Task objective
As you write out the lines from the one containing "#giftidea #uniquegift #girlygift" through the last line of the records, keep them exact and leave out pictures.

Captioned web image data:

******************************

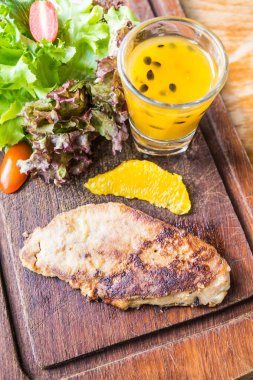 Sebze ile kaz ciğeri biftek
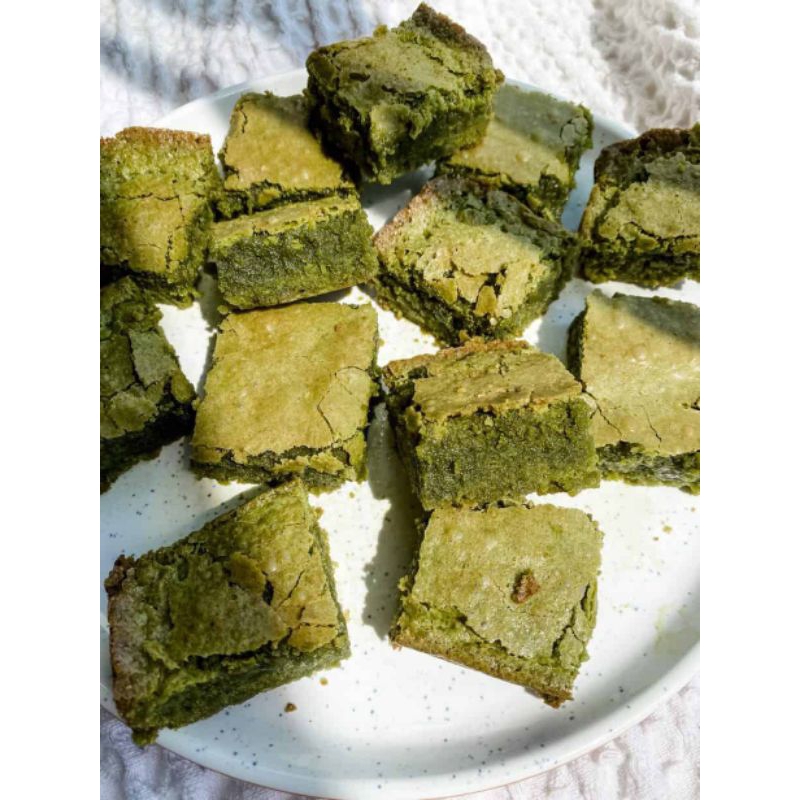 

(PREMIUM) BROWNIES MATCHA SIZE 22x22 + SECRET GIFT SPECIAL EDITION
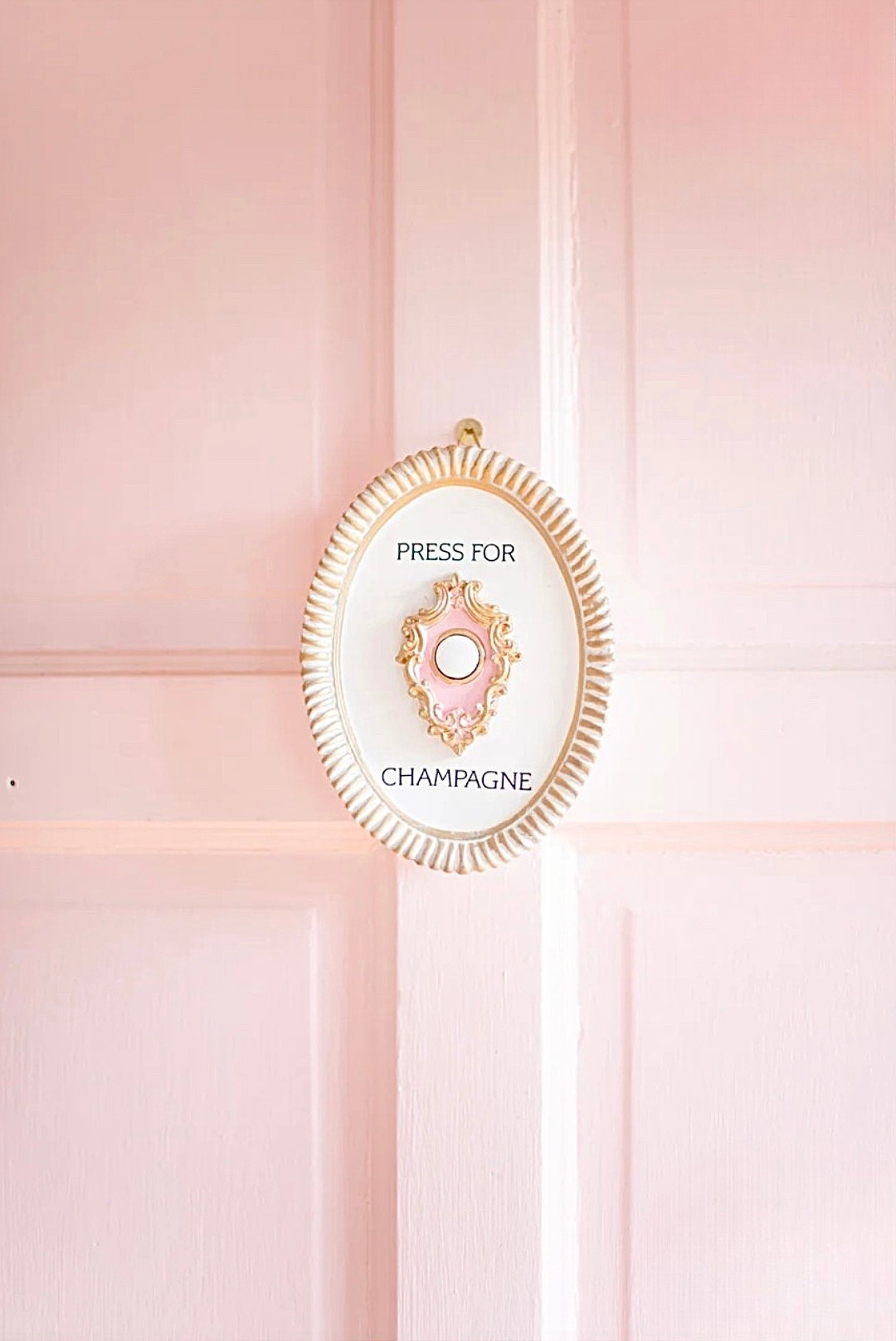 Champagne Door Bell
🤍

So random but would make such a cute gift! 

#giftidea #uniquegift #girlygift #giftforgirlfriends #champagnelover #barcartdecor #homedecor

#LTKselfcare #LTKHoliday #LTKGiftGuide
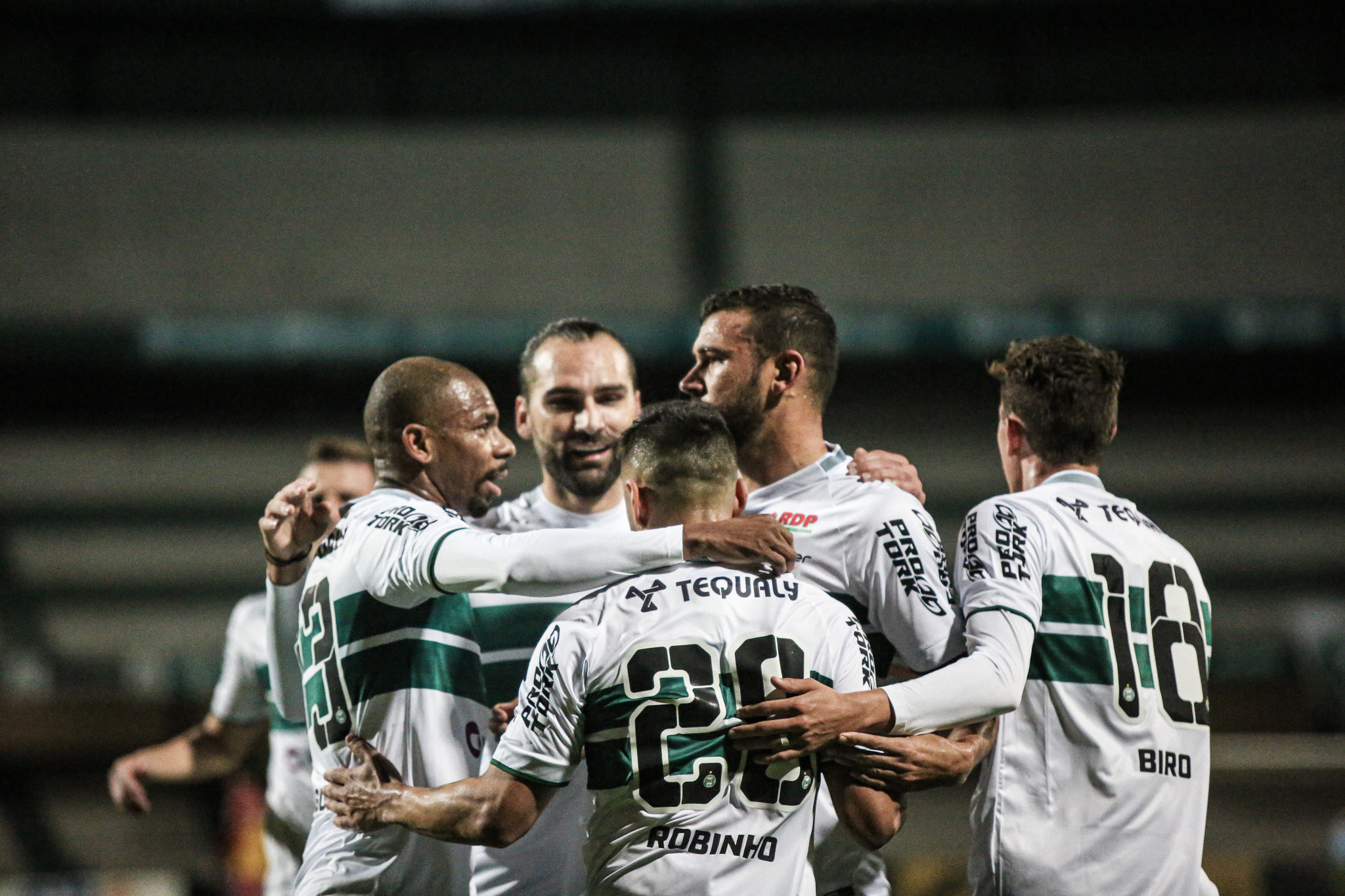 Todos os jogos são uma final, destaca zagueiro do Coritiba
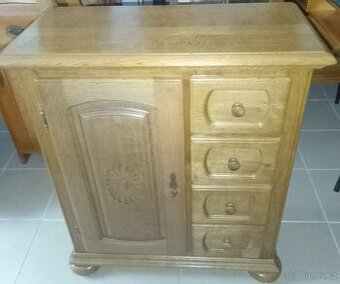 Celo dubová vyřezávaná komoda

******************************

Completed exercise
#giftidea #uniquegift #girlygift #giftforgirlfriends #champagnelover #barcartdecor #homedecor

#LTKselfcare #LTKHoliday #LTKGiftGuide
 Todos os jogos são uma final, destaca zagueiro do Coritiba
 Celo dubová vyřezávaná komoda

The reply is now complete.